------ Material for the task ------

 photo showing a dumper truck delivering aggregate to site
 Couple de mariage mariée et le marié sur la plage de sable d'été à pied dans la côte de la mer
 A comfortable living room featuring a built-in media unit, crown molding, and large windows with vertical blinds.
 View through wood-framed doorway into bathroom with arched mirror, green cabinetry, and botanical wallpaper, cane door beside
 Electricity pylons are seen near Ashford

------
------ Material for the task ------

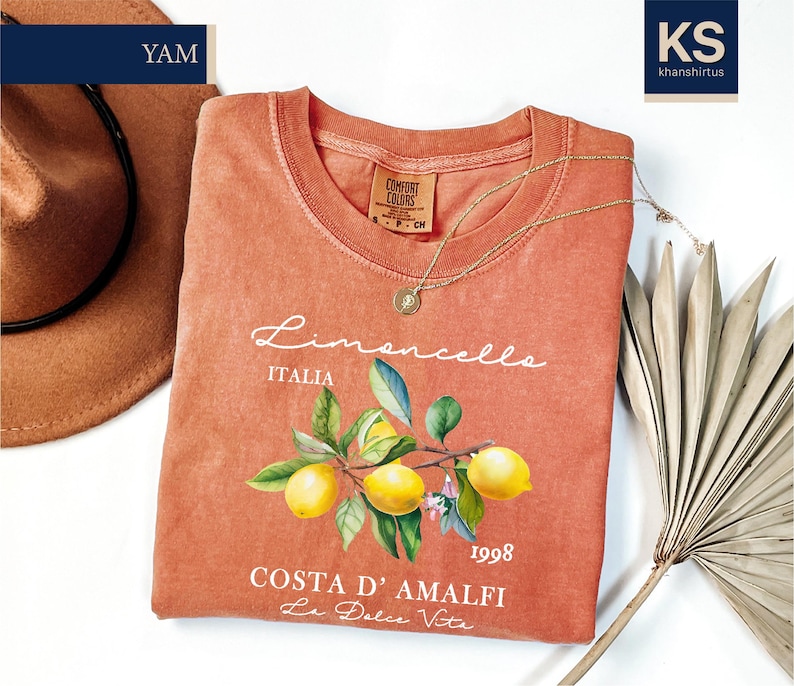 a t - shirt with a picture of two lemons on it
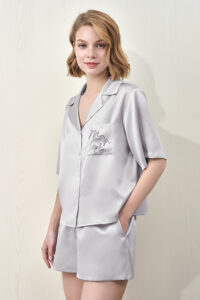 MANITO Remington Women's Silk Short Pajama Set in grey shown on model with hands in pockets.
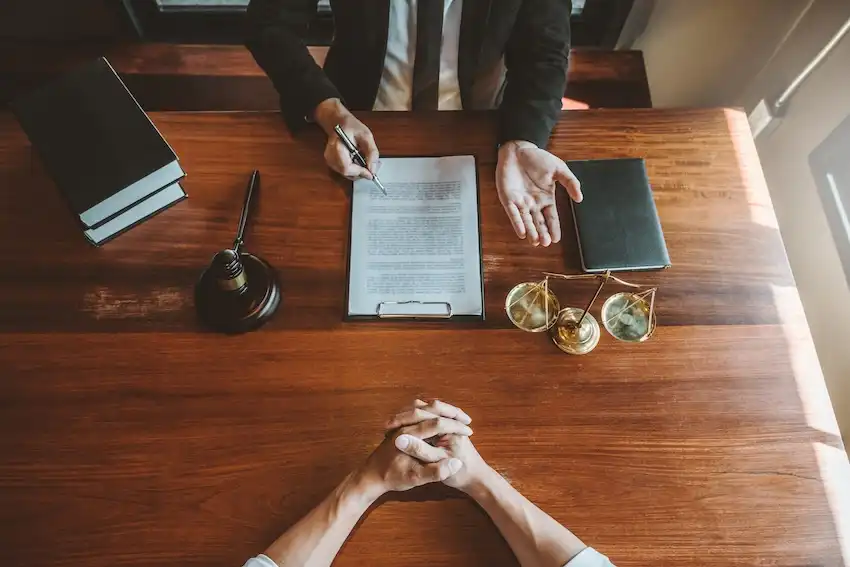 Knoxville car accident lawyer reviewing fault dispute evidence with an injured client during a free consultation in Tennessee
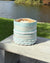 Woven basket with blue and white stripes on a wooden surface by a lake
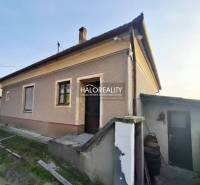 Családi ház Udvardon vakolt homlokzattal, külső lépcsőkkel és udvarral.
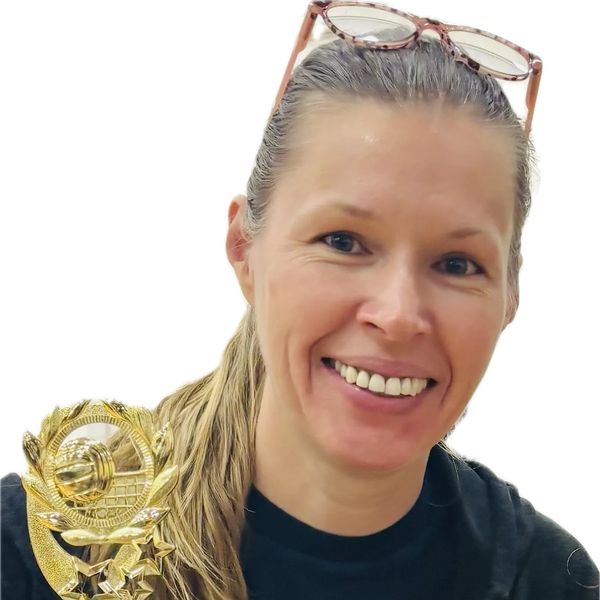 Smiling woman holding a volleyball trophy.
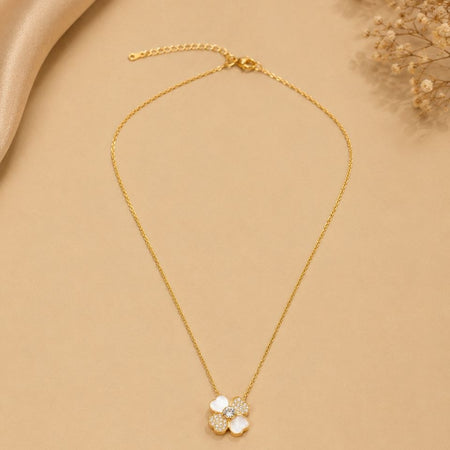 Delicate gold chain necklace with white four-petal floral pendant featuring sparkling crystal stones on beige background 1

------
------ Material for the task ------

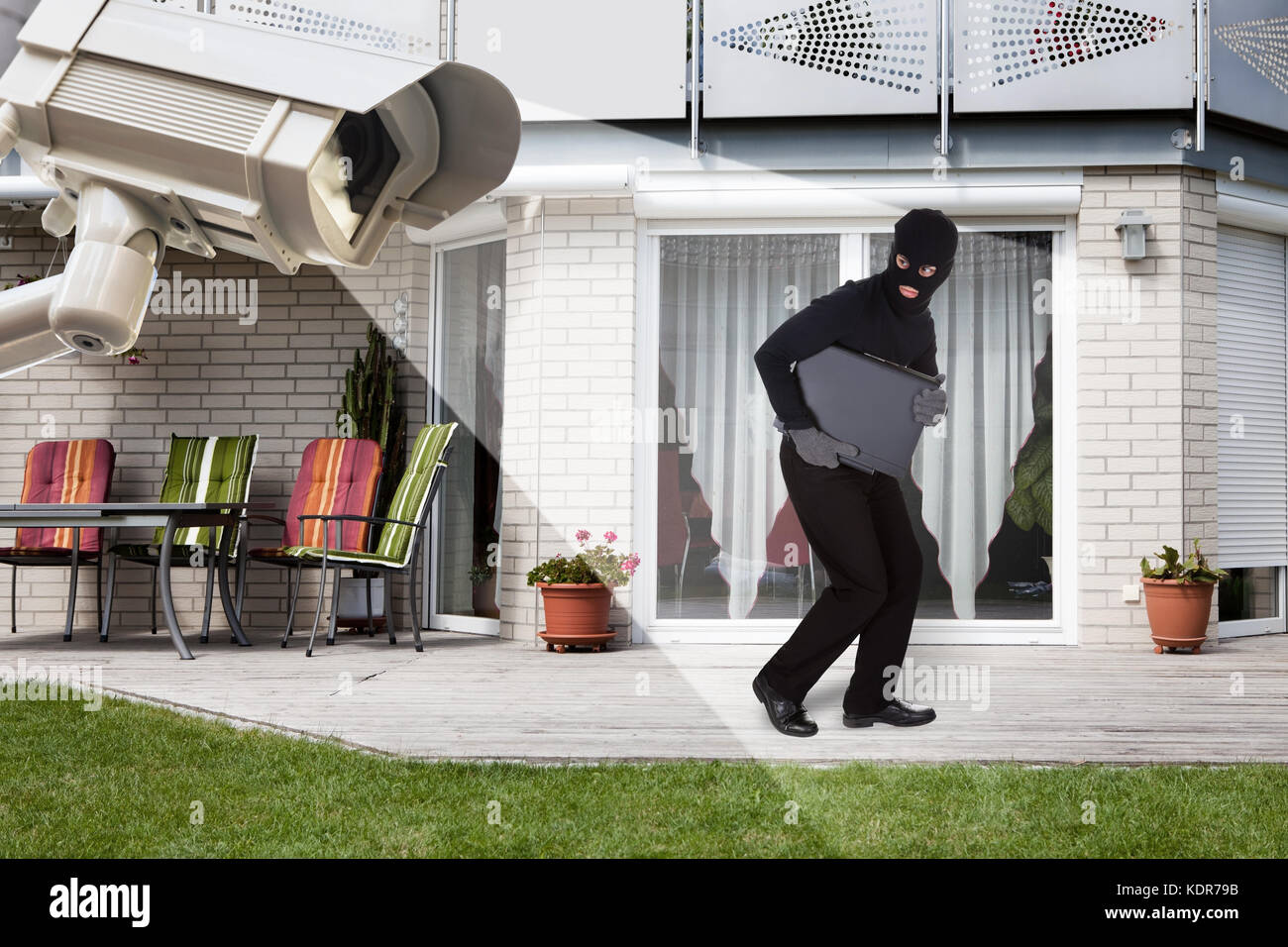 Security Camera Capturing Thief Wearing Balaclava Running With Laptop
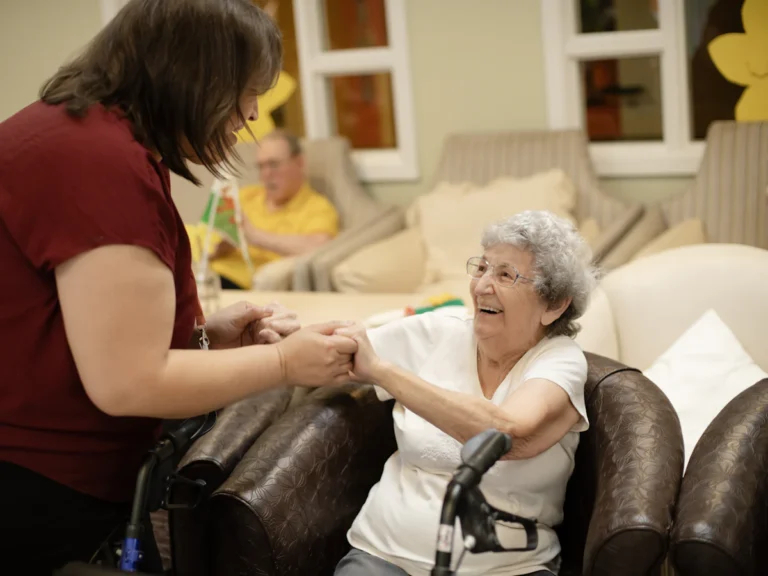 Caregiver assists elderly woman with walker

------

Set down again, exactly, every line above from the one with "Woven basket with" down to the one with "Delicate gold chain", both ends included. No pictures, and nothing else.

 Woven basket with blue and white stripes on a wooden surface by a lake
 Családi ház Udvardon vakolt homlokzattal, külső lépcsőkkel és udvarral.
 Smiling woman holding a volleyball trophy.
 Delicate gold chain necklace with white four-petal floral pendant featuring sparkling crystal stones on beige background 1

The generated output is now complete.